Avec le recul, on ne peut que mieux comprendre pourquoi Lynch reste tant attaché à ce premier film étonnamment autobiographique qu’il décrit comme "la plus belle chose de sa vie". Eraserhead ne parle-t-il pas d’un homme aliéné, abandonné de sa compagne (sa première femme avait demandé le divorce) et en charge d’une progéniture dont il ne sait que faire (les affres de la paternité), au sein d’un décor industriel et déprimant (Philadelphia) ? Afin de ne plus subir le monde et ne plus être qu’un personnage passif, Henry Spencer (Jack Nance) décide alors de se livrer au monde des rêves et de l’imagination afin de s’affirmer, quitte à devoir détruire ce réel qui le sclérose (le bébé en l’occurrence, symbole de la famille). Eraserhead, c’est quelque part le cheminement d’un homme qui choisit de se livrer totalement à l’art, ce qu’a fait David Lynch.
Au final, David Lynch : The Art Life est bien plus qu’un simple portrait d’artiste, car il y est question de tout ce qui nous rend humain : la passion, les accidents de parcours, les désenchantements qui rendent plus forts, les rencontres qui élèvent l’esprit, les images qui hantent et l’essence même du vivant.
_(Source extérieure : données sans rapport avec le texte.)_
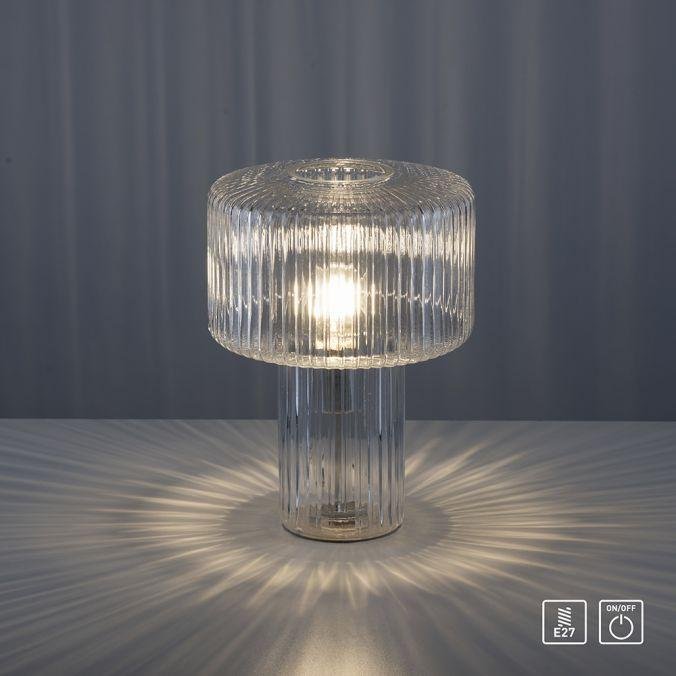 PN 4092-00 FUNGUS LED stolní lampa transparentní, sklo tvaru houby, pr.25cm, vypínač - PAUL NEUHAUS (obrázek 9)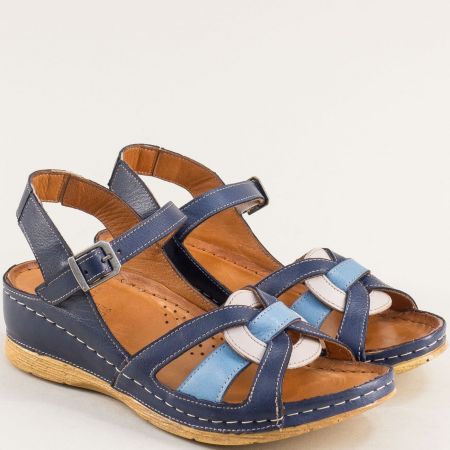 KARYOKA дамски сандал на платформа в син цвят с преплетени каишки k2425sps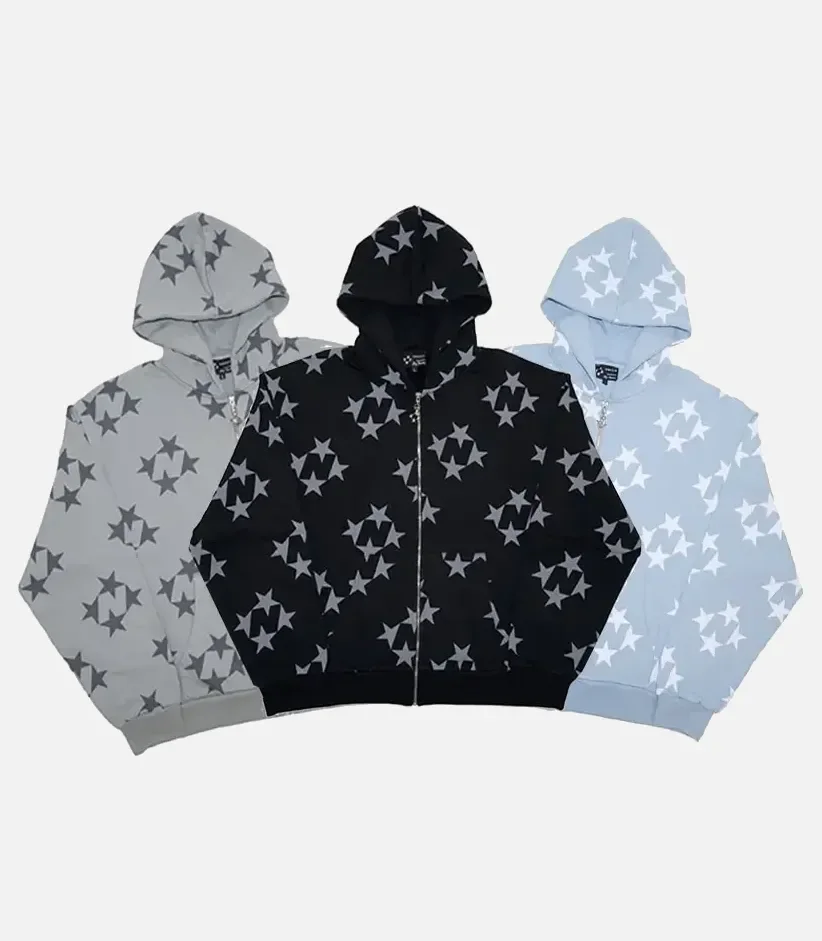 99 Based Star Print Zip Hoodie Grey (2)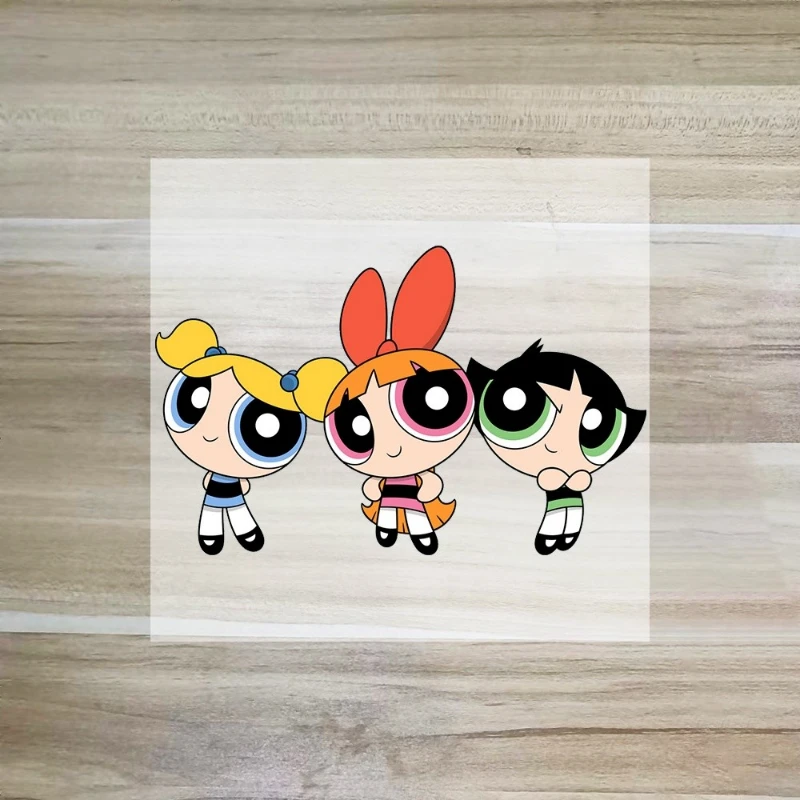 2 قطعة الكرتون الفتيات Powerpuff ملصقات نقل الحرارة بقع الكي قابل للغسل DIY بها بنفسك المرأة تي شيرت ملصقات نقل الحرارة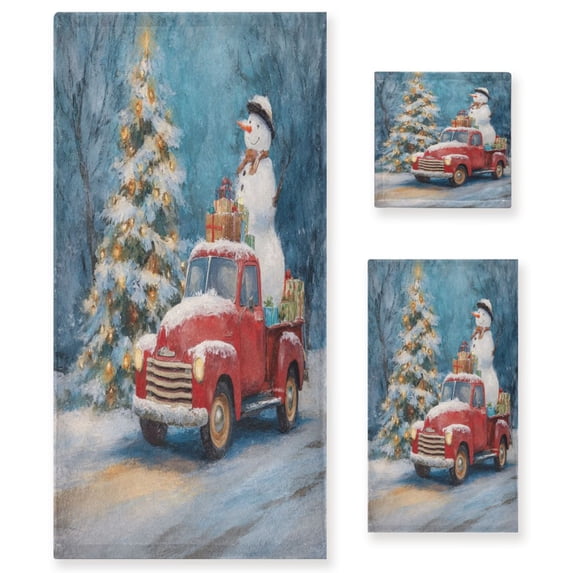 3 Piece Bath Towels Set Bath Towel, Hand Towel and Face Towel for Bathroom, Gym, Hotel Christmas Snowman in A Red Truck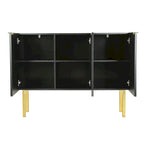 Credenza bianca/nera da 47" a 3 ante con gambe dorate e ripiani regolabili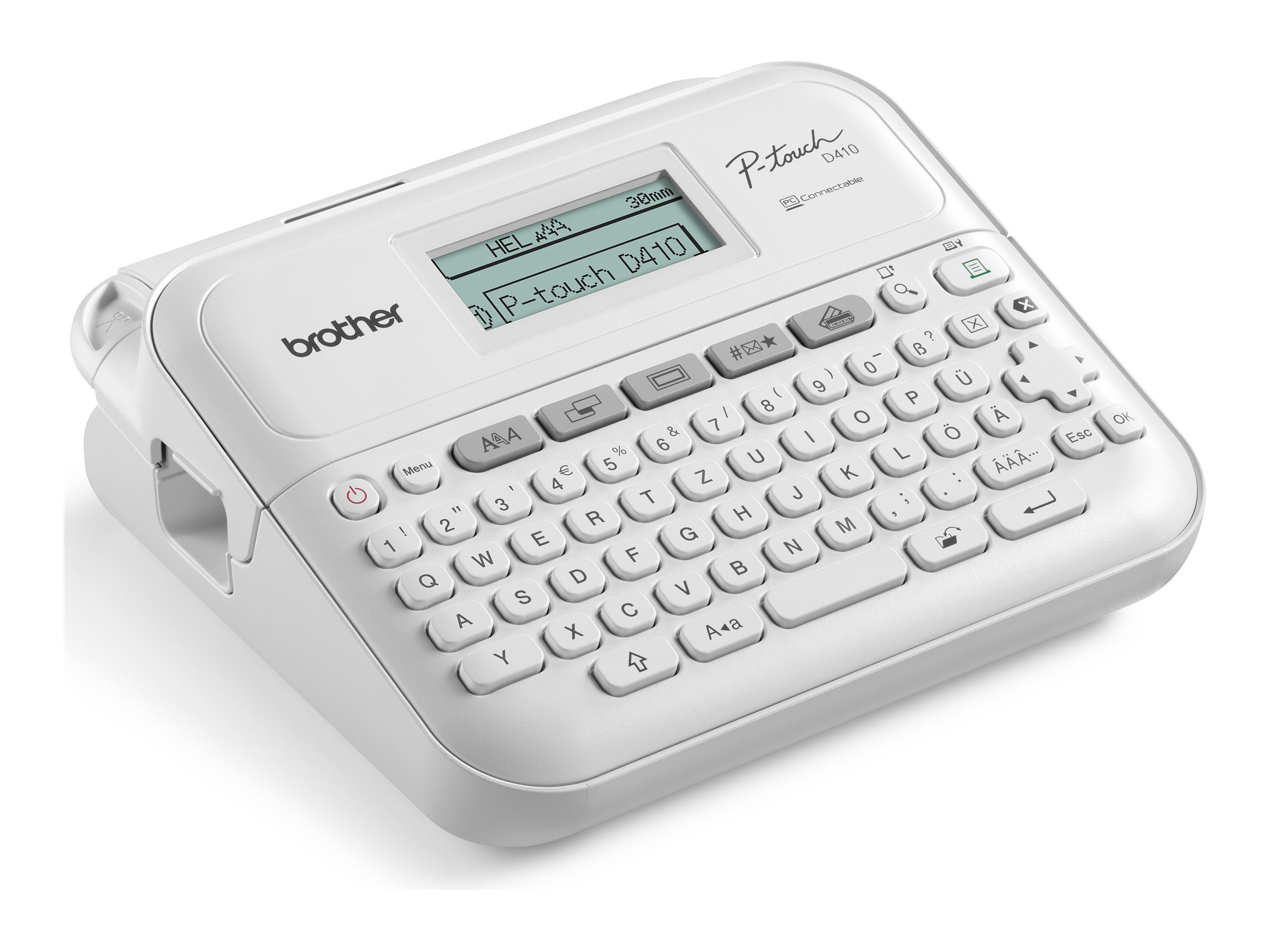 Brother P-Touch PT-D410 Beschriftungsgerät Thermotransfer 180 dpi Weiß, Grau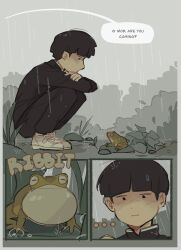 Rule 34 | ..., 1boy, animal, black eyes, black hair, black jacket, black pants, blunt bangs, bowl cut, closed mouth, comic, commentary, crossed arms, english commentary, english text, frog, gakuran, highres, jacket, kageyama shigeo, long sleeves, looking at animal, male focus, mob psycho 100, mp100days, outdoors, pants, puffy cheeks, rain, school uniform, shoes, short hair, sneakers, speech bubble, squatting, white footwear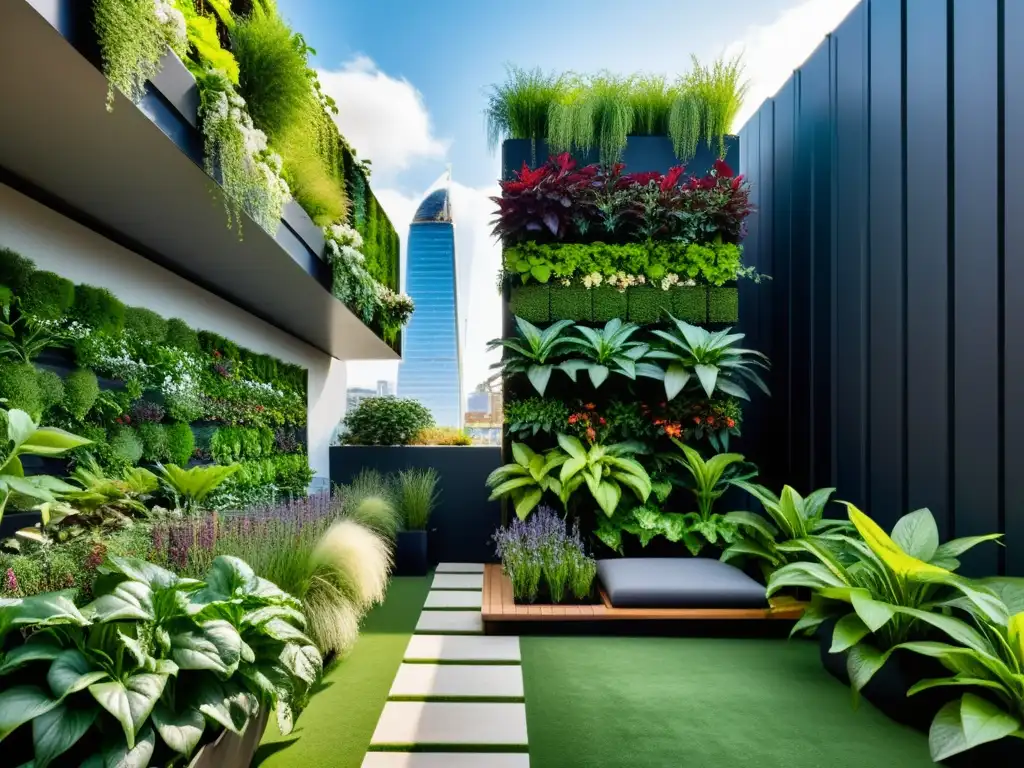 Un jardín vertical moderno y vibrante integrado en la ciudad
En juxtaposant la parole révélatrice de moments signifiants selon l’artiste, les images d’archives bon enfant (photographiques ou filmées) et les tableaux, parfois très sombres et torturés (certains nous ont fait penser à du Francis Bacon), se crée un nouveau niveau de lecture qui se fait bien plus complexe que le dispositif lui même. Lynch affirme aussi sa schizophrénie et son désir à ne pas conjuguer ses différentes vies. C’est là que les réalisateurs prouvent l’excellence de leur travail et leur profonde compréhension de l’œuvre. Un must pour tous les aficionados de Lynch et pour tous ceux qui sont attirés par le caractère fondamental de l’acte de création et de la poésie.